Life threw me some curve balls yesterday, so I didn’t blog (mea culpa, mea culpa, mea culpa), and the curves just keep on coming, so I’m blog-cheating today to spend some time in the batters box figuring out my next swing by just offering some quick takes. Discuss among yourselves.
1. Ever wonder who the top 100 writers of faith are? Neither had I until this popped up in my e-mail inbox. Ray Bradbury? Who knew?
2. The Wednesday Happiness posts draw interesting private e-mails with some extra tips. For instance, if you want to take off on your own happiness adventure, you could use the Happiness Project Toolbox. Or you could join happier.com, which is a Web site offering tools and tests to measure happiness, as well as webinars and links like this to happiness apps for your iPhone.
3. And speaking of Happiness, the tiny country of Bhutan actually tracks happiness. Everyone else studies the Gross Domestic Product (GDP), but Bhutan also studies the Gross National Happiness. In the study, the country also encourages happiness. Here’s just a snippet from the GNH Web site, written by His Majesty King Khesar:
“Henceforth, as even more dramatic changes transform the world and our nation, as long as we continue to pursue the simple and timeless goal of being good human beings, and as long as we strive to build a nation that stands for everything that is good, we can ensure that our future generations for hundreds of years will live in happiness and peace.”
I love the line about “the simple and timeless goal of being good human beings.” If only all of us could do that.

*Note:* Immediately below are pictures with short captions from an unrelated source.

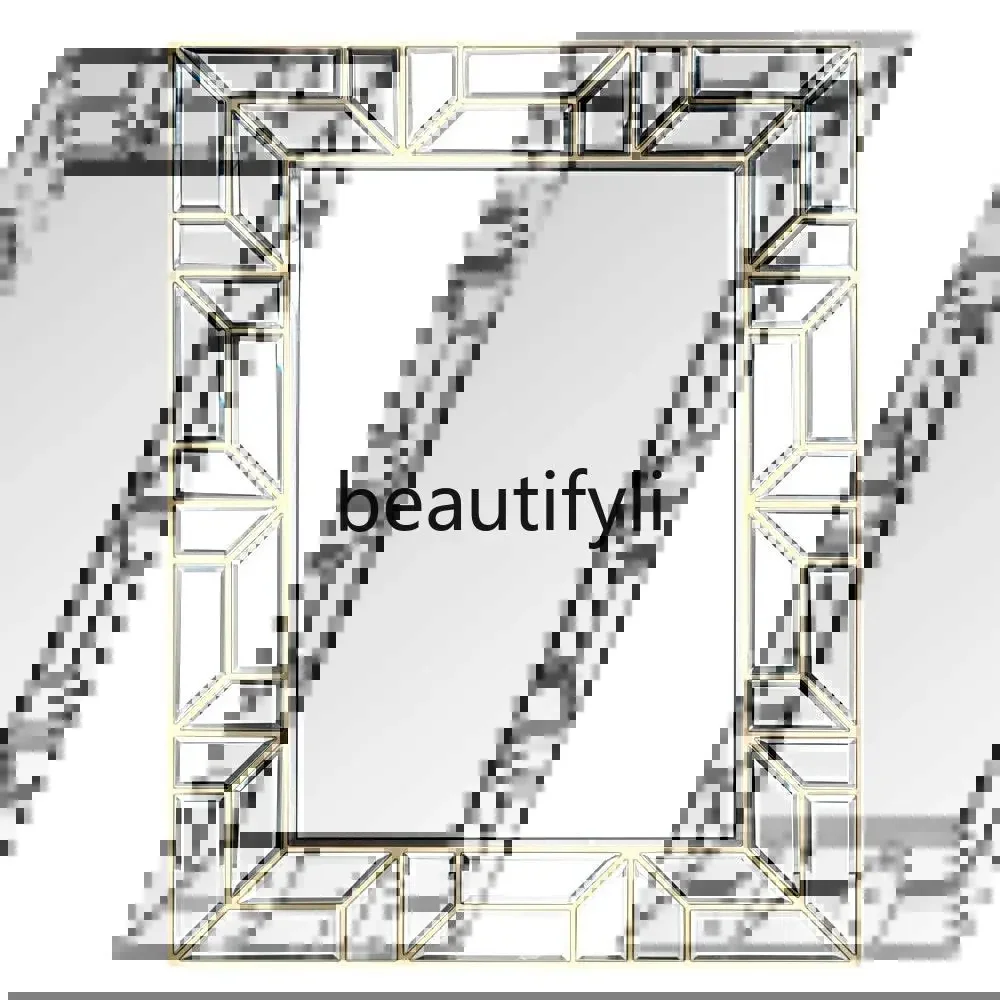 cqy Living room sofa background wall wall hanging bathroom mirror dressing mirror decorative mirror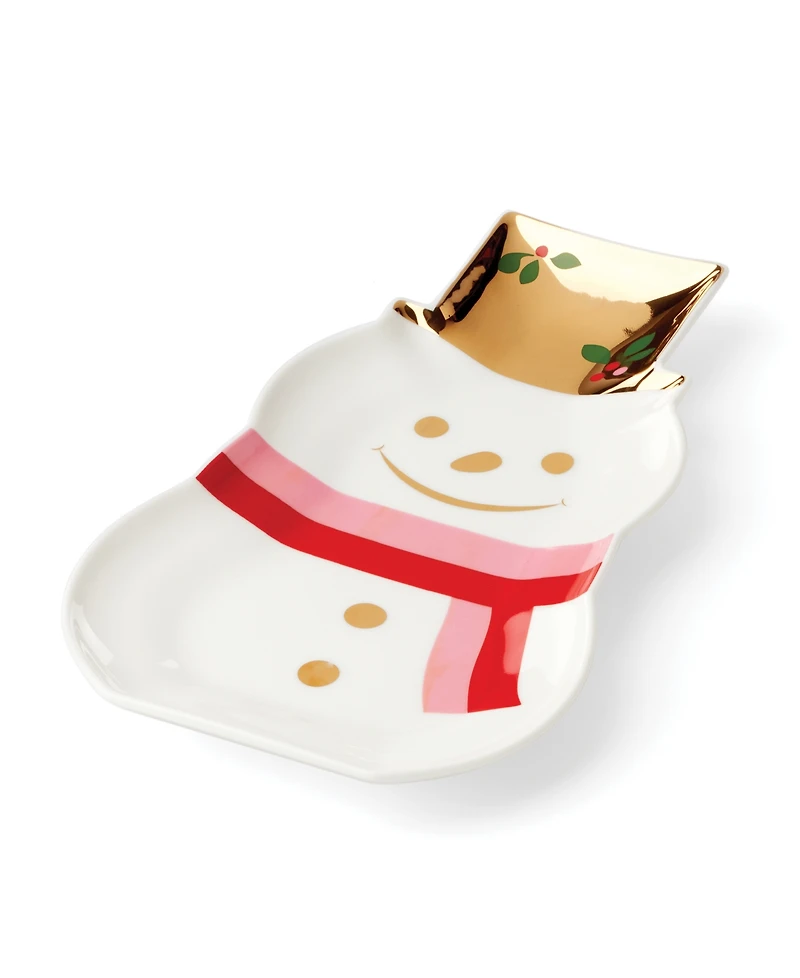 Kate Spade Be Jolly Snowman Candy Dish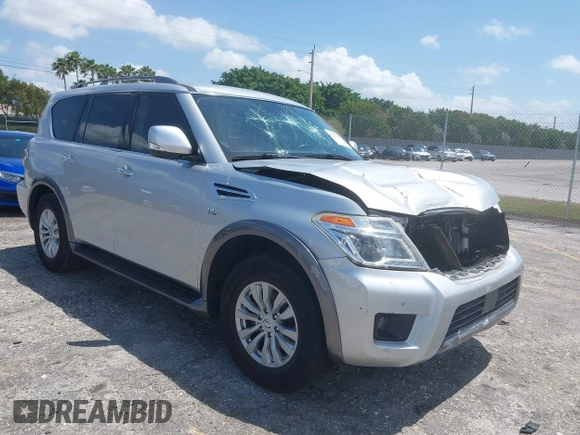 2019 Nissan Armada SL with VIN JN8AY2ND3K9085763, listed as a IAAI auction lot 41972072 with 109,555 mi miles. Bid and sale history available at carsss.com. Image 1.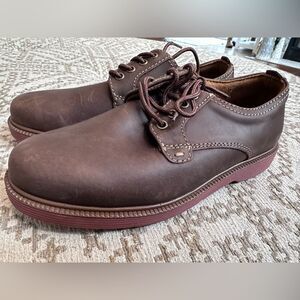 NEW Boys 1M Florsheim Brown Chocolate Leather Comfortech Dress Shoes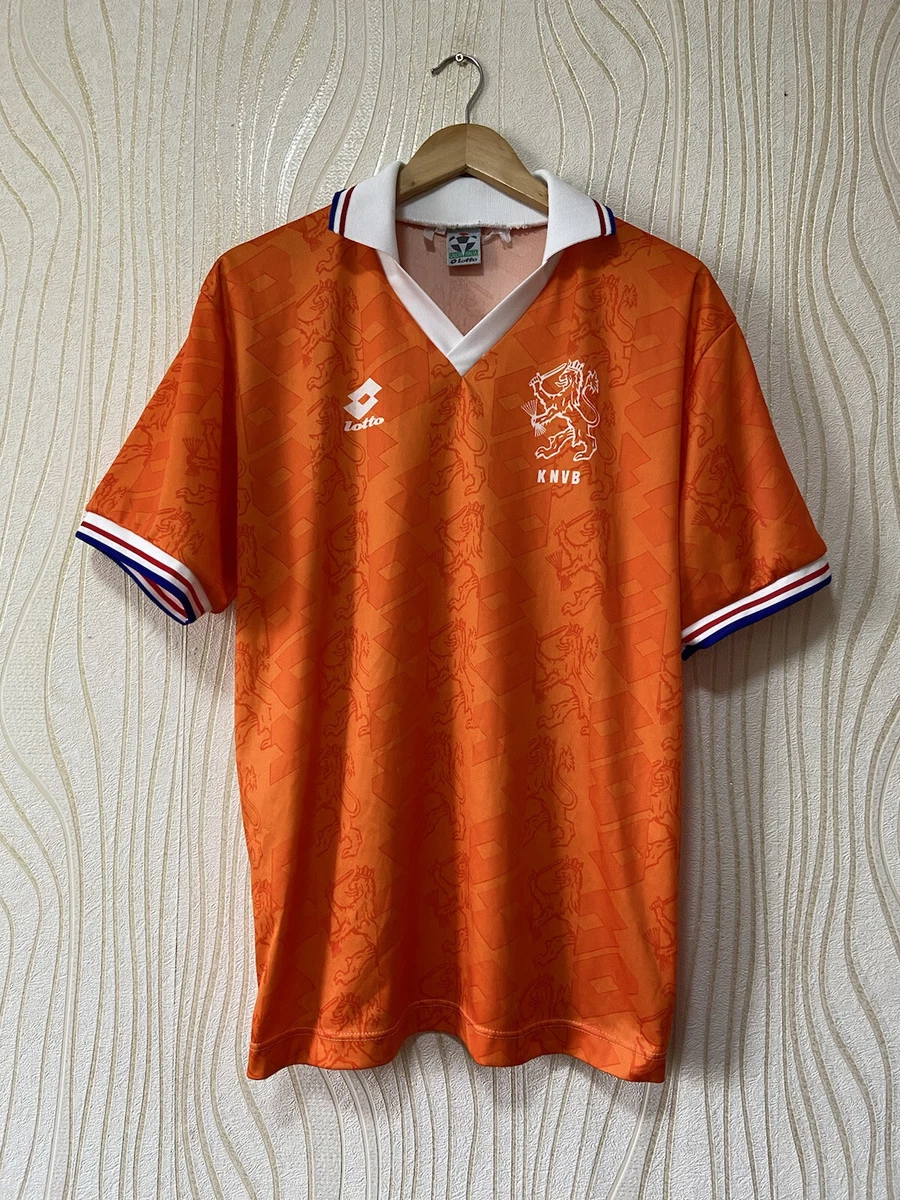 HOLLAND 1992 1994 HOME FOOTBALL SHIRT SOCCER JERSEY LOTTO VINTAGE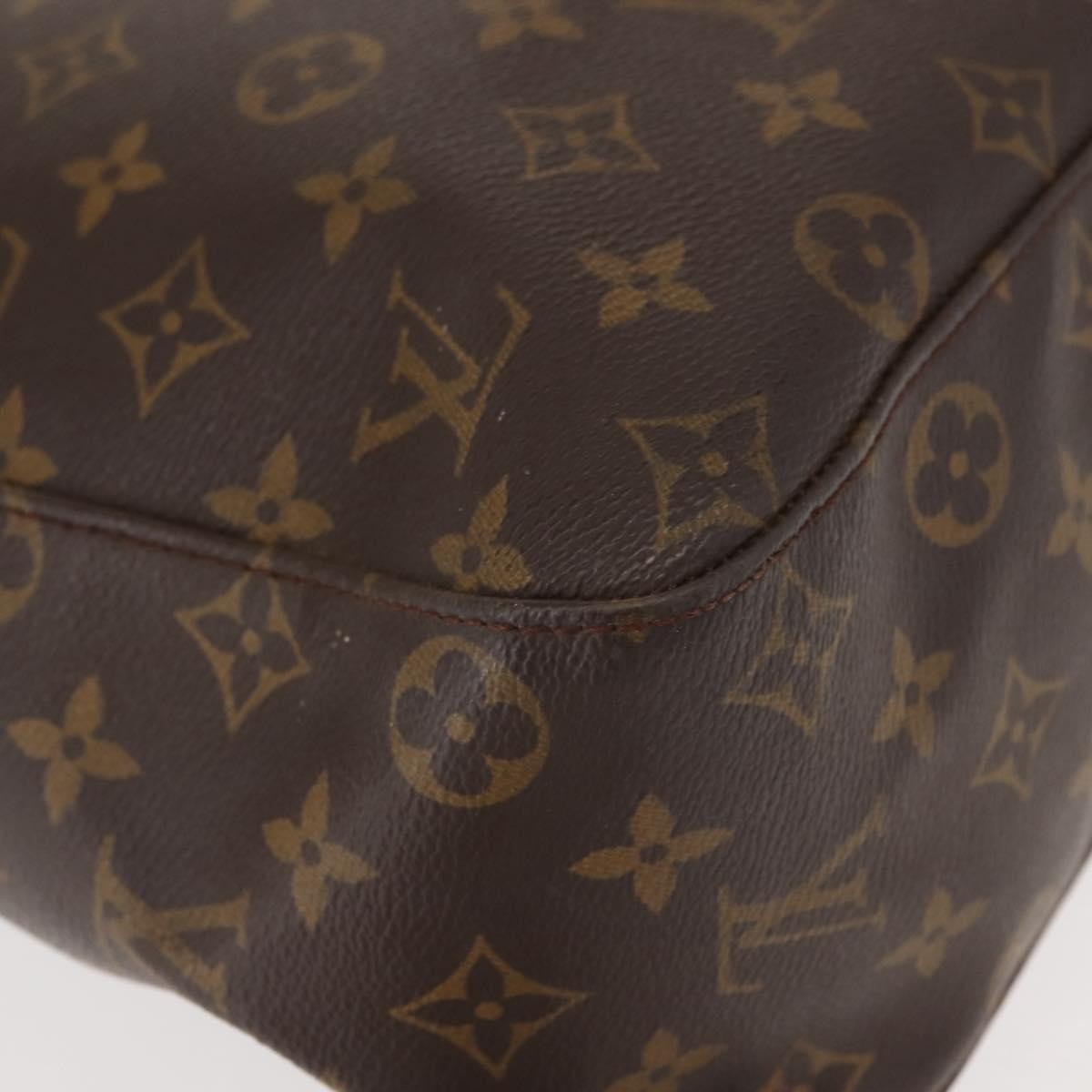 Louis Vuitton Looping Handbag Monogram Canvas, BROWN, CANVAS, Shoulder bag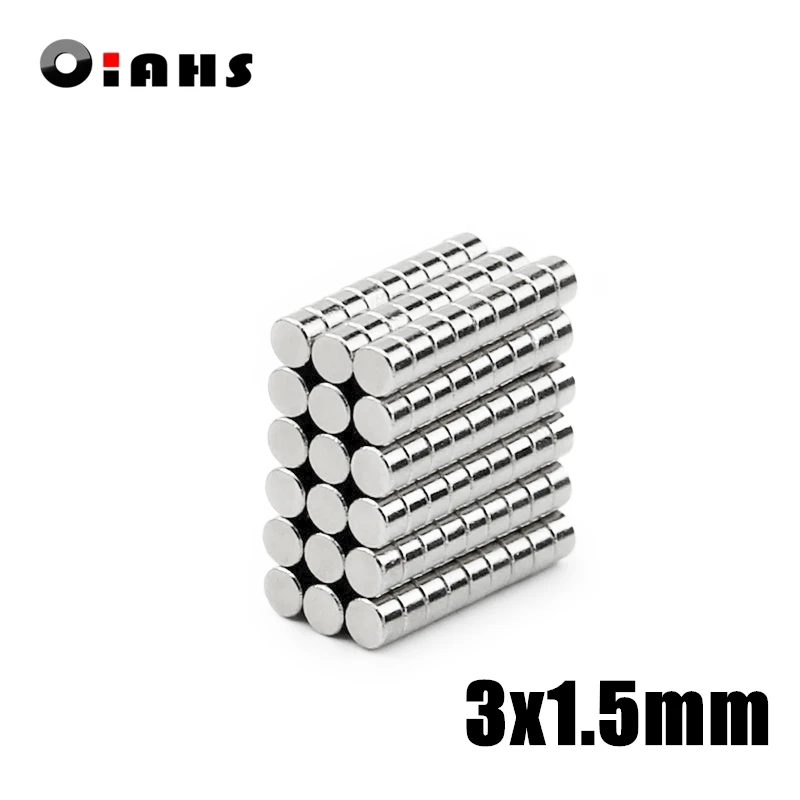 

Неодимовые магниты NdFeB N35, 50000 шт., 3x1,5 мм, диаметр 3*1,5 мм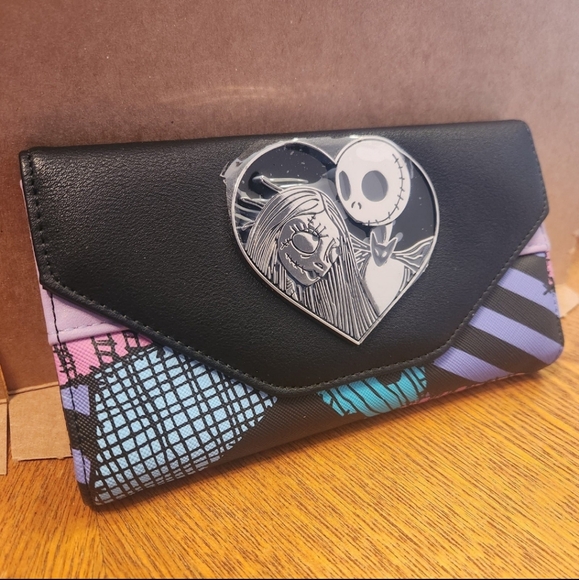 Nightmare Before Christmas Jack & Sally Wallet - Picture 7 of 12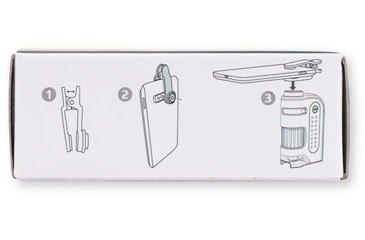 Image of Carson Optical MicroBrite Plus Smartphone Adapter Clip, Gray, 2.6 in x 0.9 in x 0.7 in, MM-310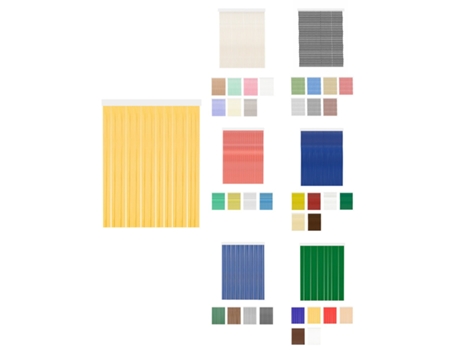 Cortinas exteriores impermeáveis ??– Cortinas anti-moscas para terraços e varandas Diana - Amarelo Cristal 140 x 240 cm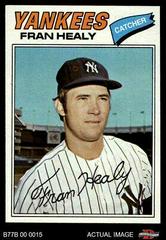 Fran Healy Baseball Cards 1977 Burger King Yankees Prices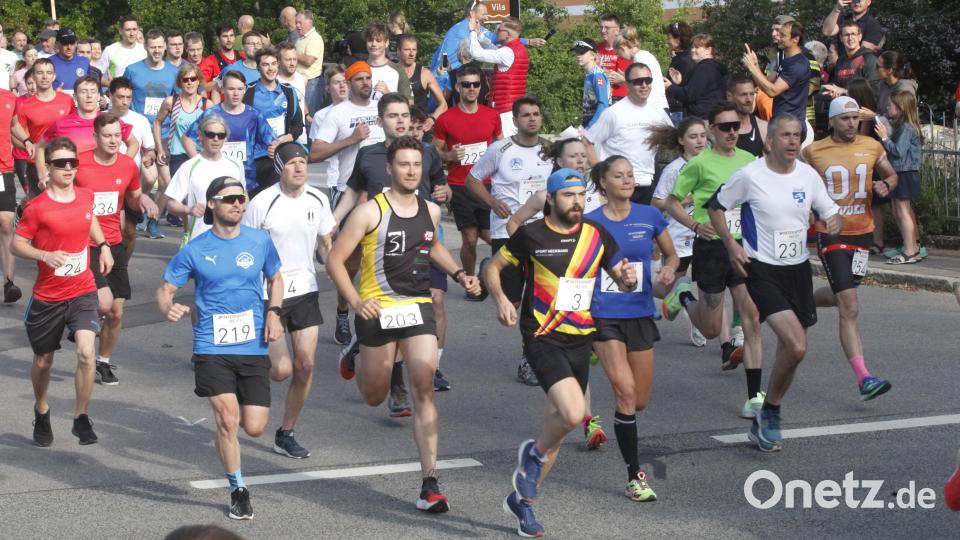 Die Laufteams starteten in Dietldorf und steuerten die zehn Kilometer entfernte Wechselstation in Pottenstetten an. Bild: Hirsch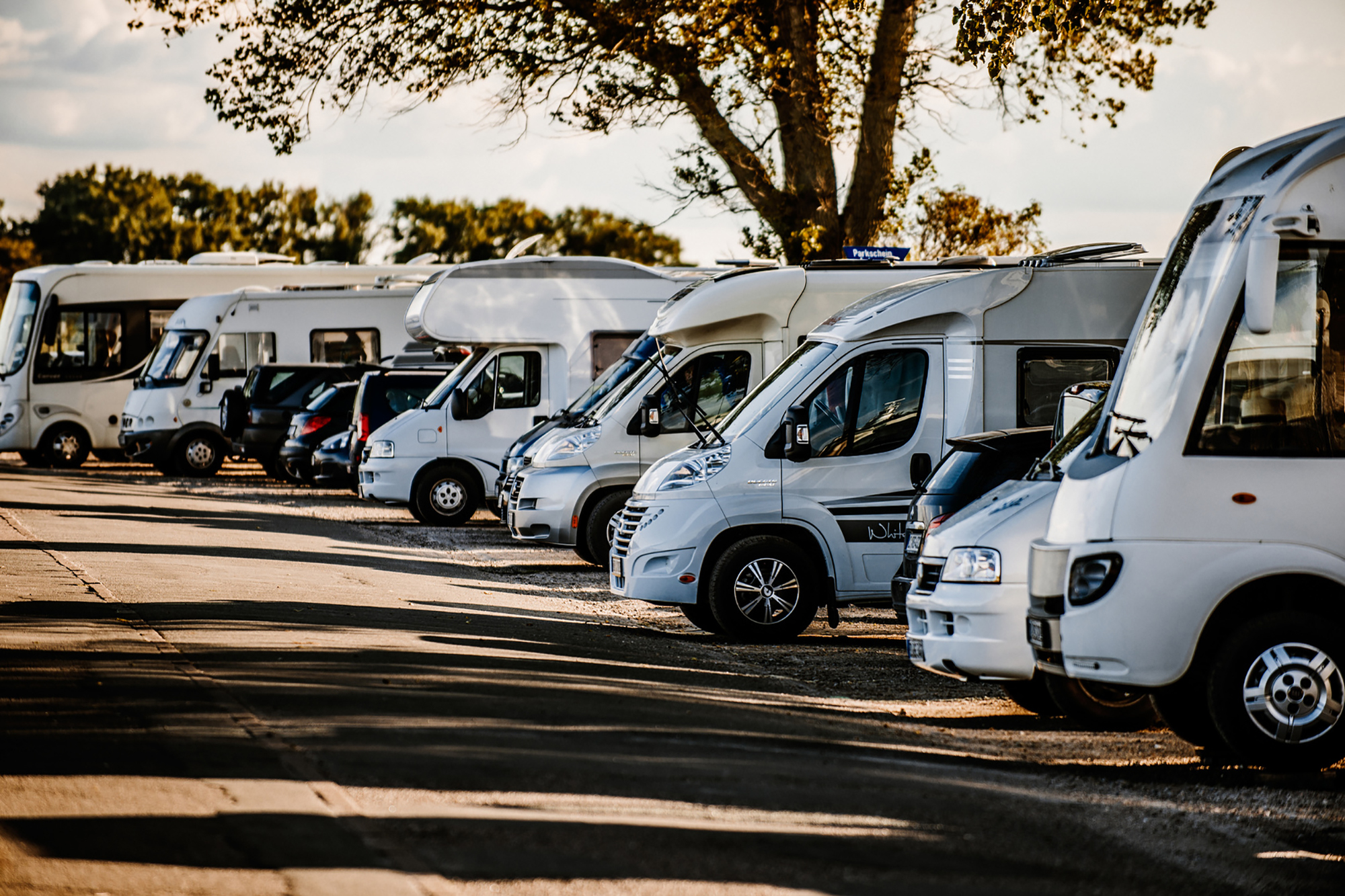 Picture of a parking space for camper vans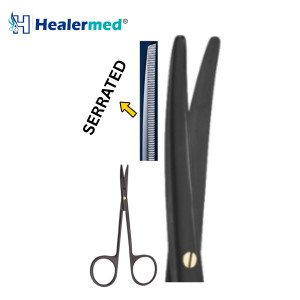 Hard Black Ceramic SuperCut Scissors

4. Nearly half of all Americans don’t believe in evolution. These two scientists – who are also believing Christians – explain why religious folk need to “fear not” when it comes to the intersection of God and science. The column brought me back nearly a decade to when I was interviewing one of the Vatican astronomers who told me that, as a young boy, he hid an evolution textbook under his mattress so his devout parents wouldn’t find it. Most boys his age were sneaking porn magazines into their bedrooms; he had The Origin of Species. (This link is about the Vatican astronomers, in case anyone is interested in them, but Dr. Funes is not the one I interviewed for my story.)
5. Marriage has been on my mind alot lately, partly because I read “Why Marriage Matters” in a July issue of Time Magazine and “Those Aren’t Fighting Words, Dear” in the New York Times in the space of three days. The first is a defense of the intact, two-parent family and reports on statistics showing how much better off children are with two parents than are children of divorce; the second is about a wife who decided, against all popular wisdom, to stick out a difficult stretch in her marriage with zero help from her depressed and distant husband. They are both compelling reads about the price (and necessity) of commitment in our society.
But the other reason I’ve had marriage on the brain is because I have an old friend who has been with her partner for nearly as long as my husband of 27 years has been with me. The other night she did one of those Facebook lists and one of the questions she had to answer was “Married?” Instead of writing yes or no, she penned, “How do I answer this?” It struck me as heartbreakingly honest. She was pointing out the obvious: What do you call what she and her female partner have? It is like the saying, “If it looks like a duck and walks like a duck ….” We may not allow homosexuals to legally marry, but those in long-term monogamous relationships are really no different than people in long-term heterosexual unions, are they? If stability in relationships is what we want – and what some argue we absolutely need for the success of our country – shouldn’t we support things that increase stability in all partnered relationship? And if someone has been with the same person for two decades, what do you call that if not marriage?